Story by Collin Morris, Assistant Sports Editor
The college life has become infamously synonymous with poor sleeping habits, late-night studying binges and an overall teetering scale as students struggle to balance their overwhelming obligations.
Unfortunately for student-athletes, and despite the perception of the public, the workload does not culminate solely on the “student” aspect of student-athlete.
Student-athletes may begin cramming or enjoying their two hours of sleep, only after a grueling practice, late-night game or long road trip for an away series.
Athletic Director Allen Ward said Murray State student-athletes traditionally haven’t allowed their sports to interfere with academic responsibilities.

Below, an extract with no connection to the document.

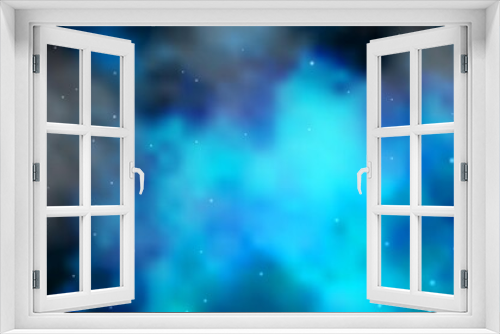 Fototapeta Naklejka Na Ścianę Okno 3D - Dark BLUE vector background with colorful stars. Blur decorative design in simple style with stars. Theme for cell phones.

“Our graduation rate, I believe, was 2 percent higher than the student body this past year,” Ward said. “Typically we’re higher than that, but this one actually represented a year in which we had two coaching changes. We were 22 percent higher [than the student body] the year before.”
Ward also said the cumulative grade point average of all sports teams has never fallen below 3.0 in his 12 years as Murray State’s athletic director. Their success has been achieved, Ward says, by following his mantra of “Four years, two goals.”
“I tell our student-athletes, when they come here, that I expect them to do two things,” Ward said. “I expect them to leave Murray State with a championship ring on one hand and a diploma in the other. It sounds simple, but it’s a model we live by and it’s something we expect every athlete to aspire to.”
According to the NCAA’s website, aspiring student-athletes must maintain a 2.3 grade point average in core courses, putting Murray State’s athletic department above the nationally-required averages. Ward also said the NCAA tracks student-athletes’ progress toward their degree.
“We have to meet certain NCAA requirements for eligibility, and that eligibility means that they’re progressing towards their degree at a mandated clip,” Ward said. “And if they don’t do that, not only will they not graduate, but they’re not going to play either so we track all of that.”
Ward said he gets support from the school’s advisers, professors and other faculty and staff with the academic performance of Racer student-athletes.
“Our advisers give them some very personalized attention to help them understand their time demands and make their classes fit within their schedule when they have practice and everything else going on and to make sure they’re making progress towards their degree.”
Ward said along with the support from the faculty, he also expects academic commitment from his coaches as well.
“Our teams have had a lot of success academically,” Ward said. “I expect that from the coaches because [academics] are their commitment and that’s the message they send to their team.”